An expert level of protection incorporates arithmetic, however, at the cost of increased difficulty. You can enter several numbers for each register, then run the arithmetic which was written into memory. After that it will return a number for each register, these values are the result. Not only the one who uses your software needs to enter the correct number for each register, but they also should know the correct arithmetic. In this part you will learn how to apply an expert level of protection to your software. You can refer to the following picture and gain a quick understanding of it.

UniKey professional software protection level

The method enables you to have quick and easy protection for your software. All you need to do is to call several functions in your project. The main usage of the APIs is offered below.

UniKey_Seed: For UniKey_Seed it is used when you want to get return codes from the input of a seed code. This function's return values are related to *pSeed and UniKey dongle’s password. UniKey_Seed generates a set of seed codes. All of these seed codes are based on the password. It provides another method to verify the password and check the insertion of the dongle. Apart from this, the seed codes can be used in other computation. For example, you can use the seed returned as a 64-bit long encryption key.

UniKey_Write_Arithmetic: For UniKey_Write_Arithmetic it is used when you want to write user-defined mathematical algorithms. A successful operation will result in the user-defined algorithm populated with the algorithm command string from the buffer. UniKey_Write_Arithmetic is called when you write a series of algorithms into the dongle. This function is only called at the software-vendor side.

UniKey_Calculate1: For, UniKey_Calculate1, it is used when you want to return the results of a calculation performed in UniKey, using input provided by the developer and the Calculate1 function. When the calculation starts, the values of other internal registers are listed in the table below.
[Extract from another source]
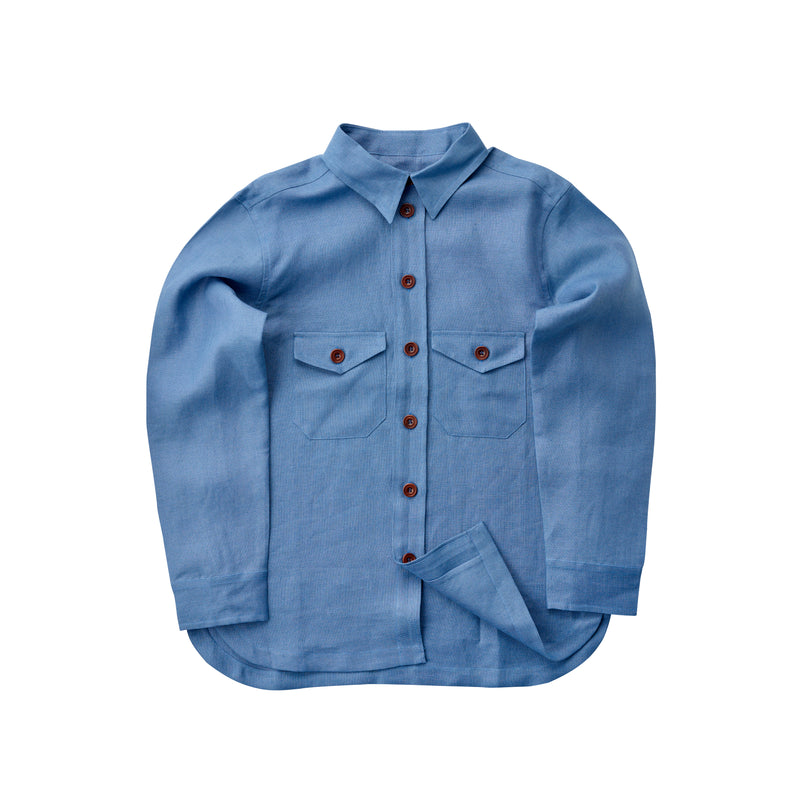 Lagan Blue Linen Overshirt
Internal Register Description
E High-order byte of reversed hardware ID
F Low-order byte of reversed hardware ID
G Value stored in license module *pModule
H Random number

UniKey_Calculate 2: For UniKey_Calculate2 it is used when you want to return the results of a calculation performed in UniKey, using input provided by the developer and the Calculate2 function. The initial values of register E, F, G and H are the return values of seed code *pSeed. To make it simple, UniKey calls function Seed with seed code *pSeed, and writes the return values to register E, F, G and H for the next operation.

UniKey_Calculate 3: For UniKey_Calculate 3, it is used when you want to return results of a calculation performed in UniKey, using input provided by the developer and the calculate3 function. The initial values of register E, F, G and H are the content of license module *lp2 and *lp2+1/2/3.